Kuyu tipi hapishaneler kapatılsın!

Hapishaneler, her dönem  komünistler ve devrimciler açısından önemli bir direniş mevzisidir. Egemenler düzenlerini sürdürebilmek için kendine muhalif kesimleri sürekli baskı altında tutmaya çalışır. Öncü kesimleri hedefe çakar, onları yoketmeye çalışır. Bunun önemli araçlarından biri de hapishanelerdir. Hapishaneleri sadece bir tecrit olarak değil, bir  “öğütme aracı” olarak da kullanırlar. Oralardan çıkanlar bir daha başkaldırmaya cesaret edemesin isterler. Düşüncelerinden soyutladıkları ve kişiliksizleştirerek bir müsveddeye dönüştürdükleri insanları yönetmek daha kolaydır çünkü.

Komünist ve devrimciler başta olmak üzere onurlu insanlar bu uygulamalara karşı her zaman direnmiştir. Bu  direnişlerde, açlık grevleri ve ölüm oruçlarında şehit düşen binlerce devrimci ve komünist tutsak vardır. Bugün de direnişler sürüyor…

* * *

Döneme göre hapishanelerin mimari yapısı da değişmektedir. Emperyalist-kapitalist sistem, insan haklarından, demokrasiden ne kadar dem vurursa vursun, hapishaneler sözde daha “modern”, gerçekte daha insanlık dışı hale gelmiştir. Günümüzde farklı isimlerle adlandırılan bu hapishaneler, duvarların daha da yükseldiği bir kuyuya dönüşmüştür.

Türkiye, hapishane inşası konusunda oldukça yol almış durumda. Tecrit ve izolasyonu derinleştirerek ilerliyor. 12 Eylül darbesinin ardından kitle hareketini bastırmak için yüzlerce cezaevi yapıldı. Özel Tipler, E Tipleri, F Tipleri derken, son 4 yıldır Yüksek Güvenlikli S ve Y tipi yani “Kuyu Tipi” hapishanelerin yapımına hız verildi. Kentlerin ekonomisini “geliştirmek” amacıyla hapishaneleri dört bir yana yaydıkları ve yeni inşaatların devam ettiği biliniyor.
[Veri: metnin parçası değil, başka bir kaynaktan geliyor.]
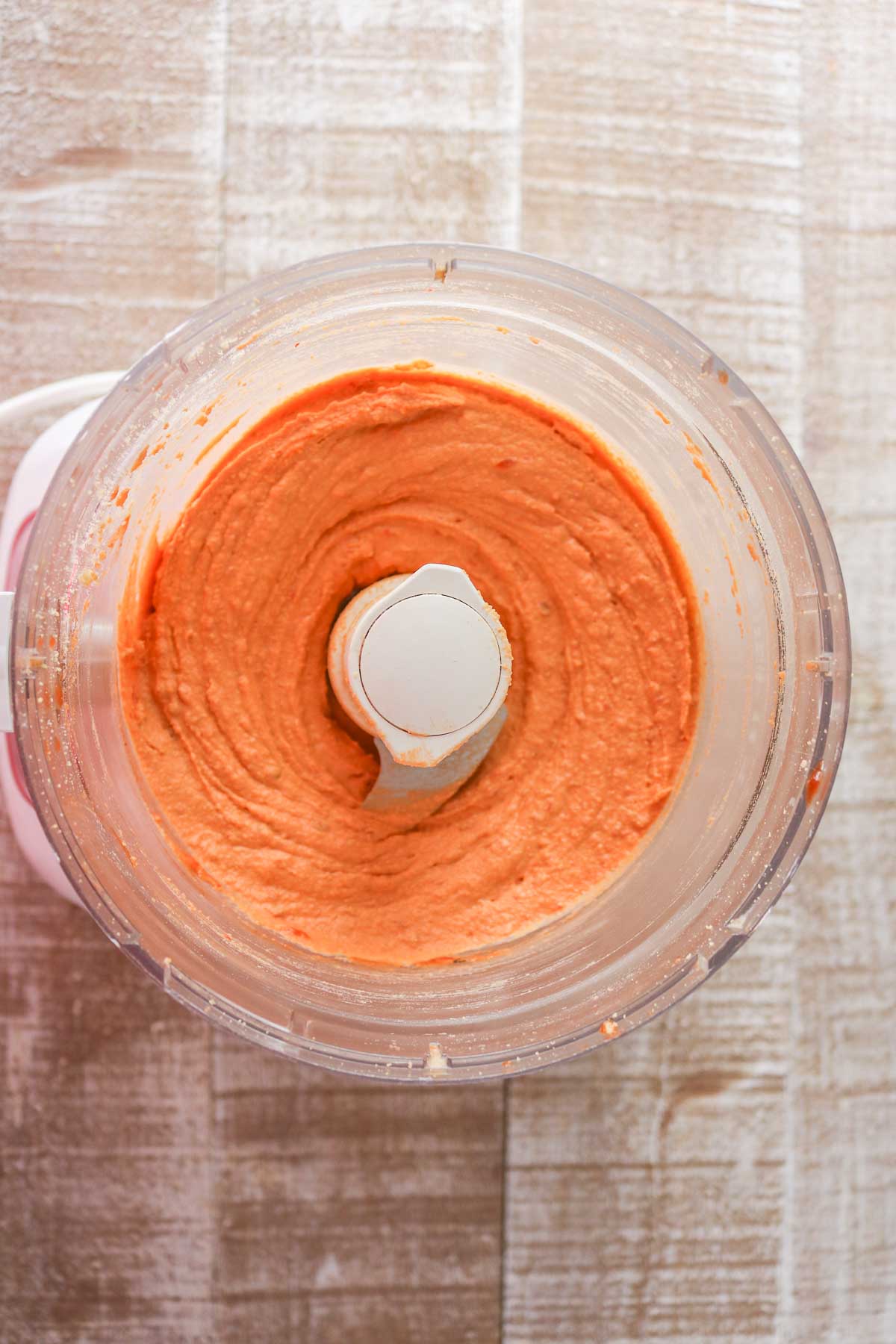 Flavoured hummus in a food processor.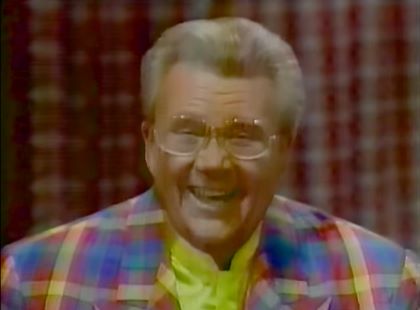 Rod is wearing a multi-colored gingham jacket & yellow collarless silk shirt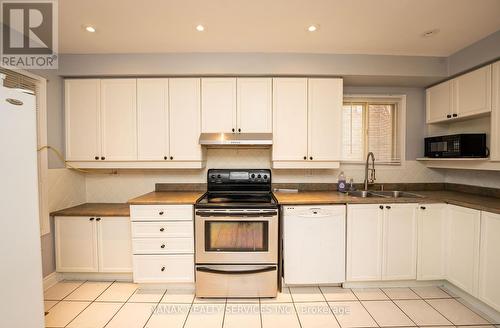 133 Murray St Street E, Brampton, ON - Indoor Photo Showing Kitchen With Double Sink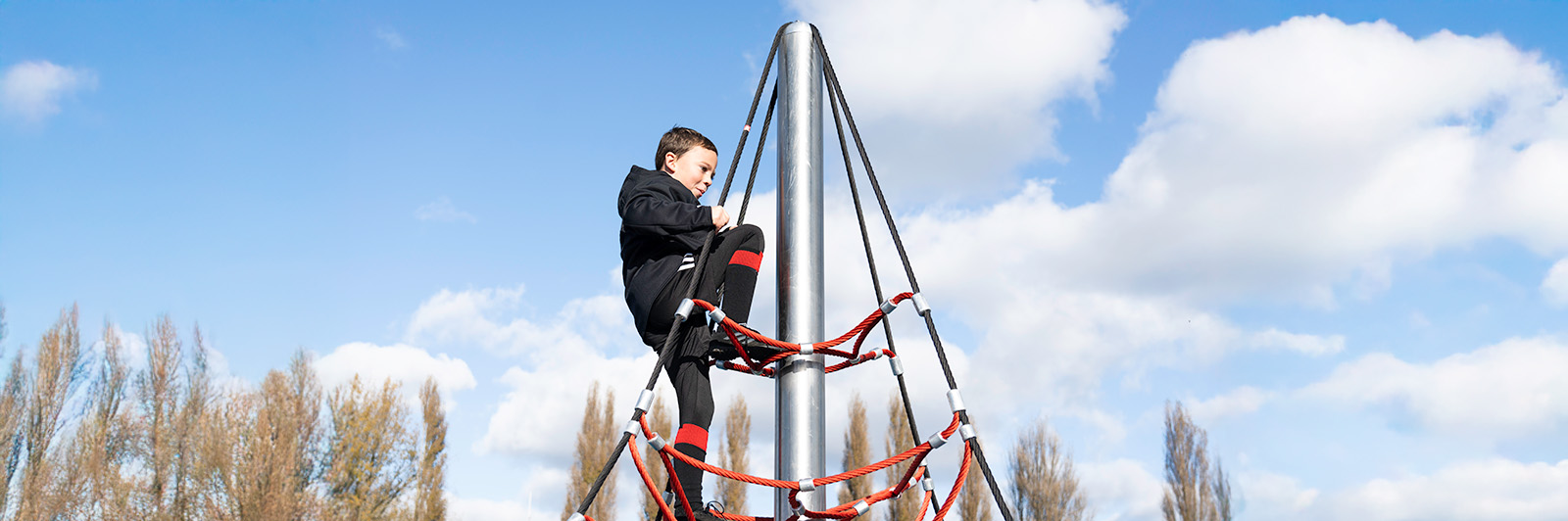 Boy climbing up a climbing net. He is almost at the top.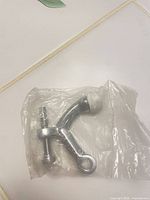 Door stopper with rubber tip and screw in plastic sleeve, overall view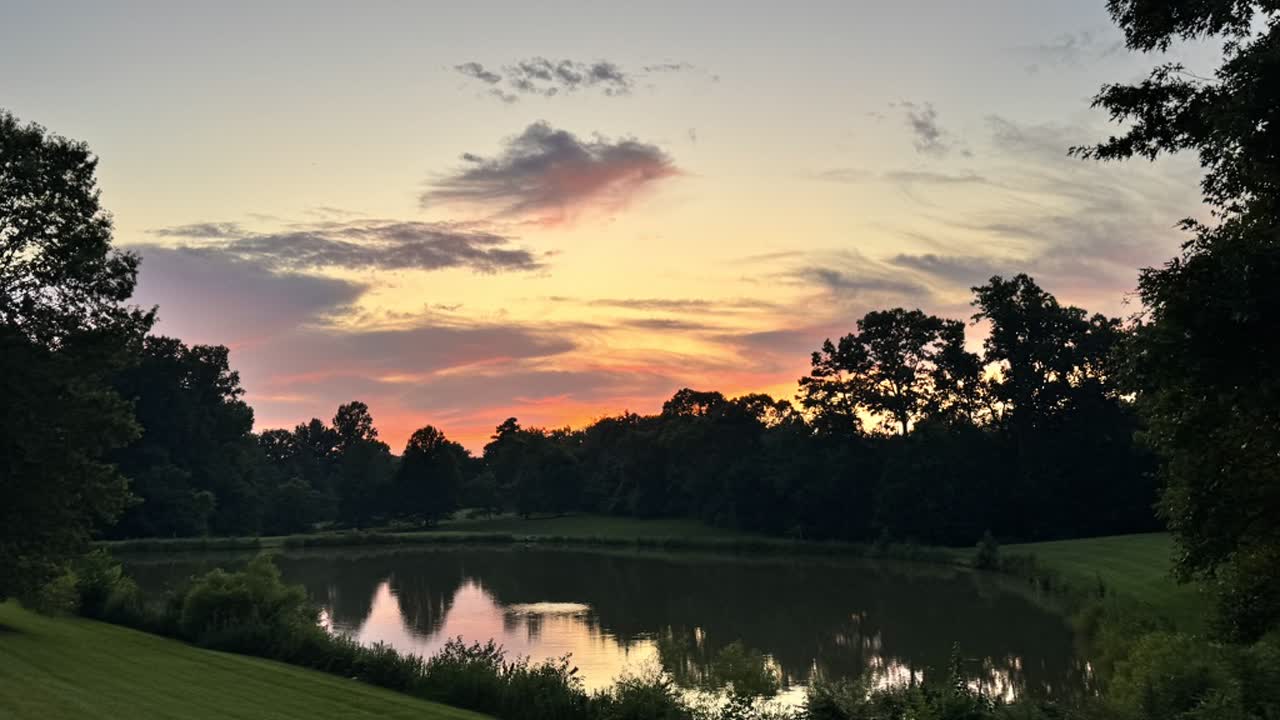 Sunset over a tree-lined pond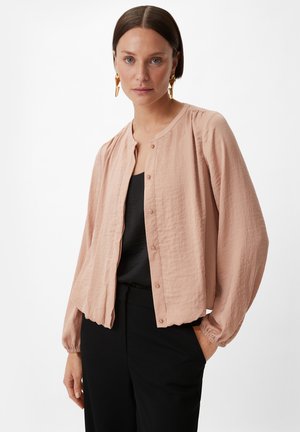 Light pink, long-sleeve button-up shirt in crinkled fabric with a round neckline and elastic cuffs, worn over a black top and black pants.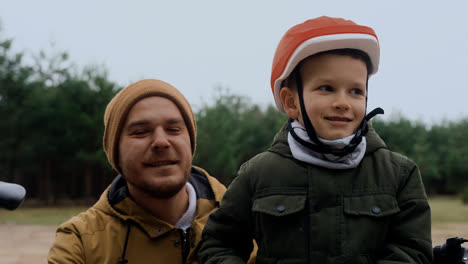 Dad-and-son-smiling-at-camera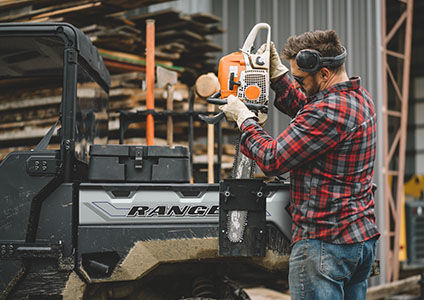 Man storing a saw into cargo box on his Ranger XP 1000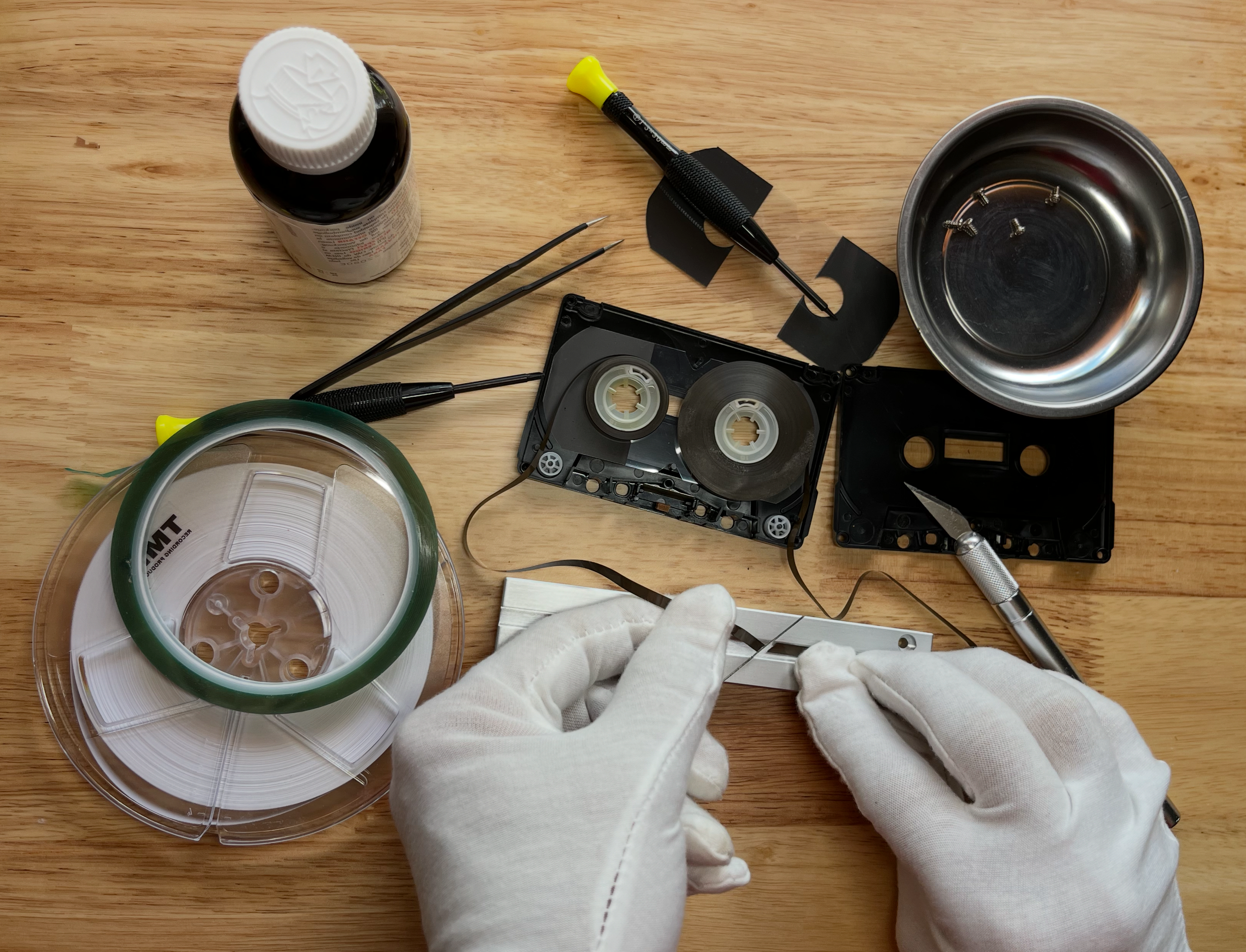 Person wearing white gloves working with cassette tapes, tools, and equipment on a wooden surface, including a screwdriver and a bottle of cleaning solution.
Avrupa Konseyi’nin 2023’te yayınladığı 2022 nüfus ile cezaevinde bulunma oranları raporuna göre, Türkiye’de her 100 bin kişiden 355’i hapisteydi. Bu oran Avrupa Konseyi ülkelerinde ortalama 117 kişiydi. Üstelik 2020 ve 2023’te yapılan infaz değişiklikleriyle 200 bin tutuklu ve hükümlü hapishanelerden çıkmış olmasına, birçok yeni cezaevi açılmış olmasına rağmen, hapishane kapasitesinin çok üzerinde tutsak var.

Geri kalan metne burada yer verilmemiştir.